[Spambayes] Central limit
Anthony Baxter
anthony@interlink.com.au
Mon, 30 Sep 2002 23:58:54 +1000
>>> Rob Hooft wrote
> - It should somehow be possible to classify messages into any sumber of
> distinct groups using this trick. A new message can get scored a
> Z-score to describe the likelyhood that it is part of any of the
> groups, if all of these numbers are large, the test message does not
> belong to any class. I guess, e.g. that it should not be too
> difficult for the bayesian algorithms used here to judge whether
> E-mail I receive is for "work", "private" or "spam". What would take
> this really to the next generation would be an algorithm that can
> make the classification "ab initio" as a sort of clustering
> algorithm: e.g. something that would start with two of the most
> different messages in a single corpus, and add single messages to
> either of the two groups until it finds a message that has 2 large
> Z-scores. Then it starts a third group.
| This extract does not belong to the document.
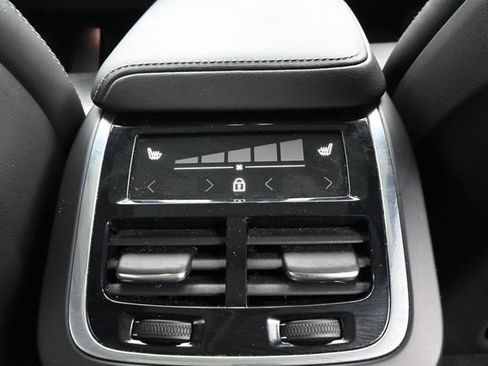 Used 2023 Volvo XC60 B5 Ultimate w/ Climate Package FWD image 34
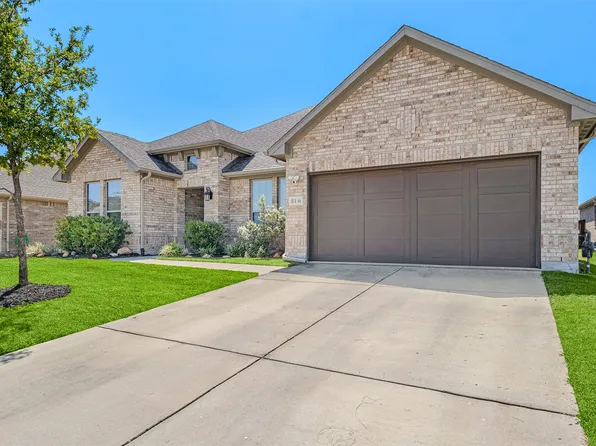 816 Lemmon Ln, Forney, TX 75126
Interestingly, I was thinking about doing something like this for
attempting to guess the language of text - I was planning on trying
to use letter trigrams. I have a need for something like this in the
future - text to speech engines, even if they can do non-english,
require that you tell it the language it's reading (you should hear
what the american english dictionary does to german - it's not at
all pretty).
Anthony
--
Anthony Baxter <anthony@interlink.com.au>
It's never too late to have a happy childhood.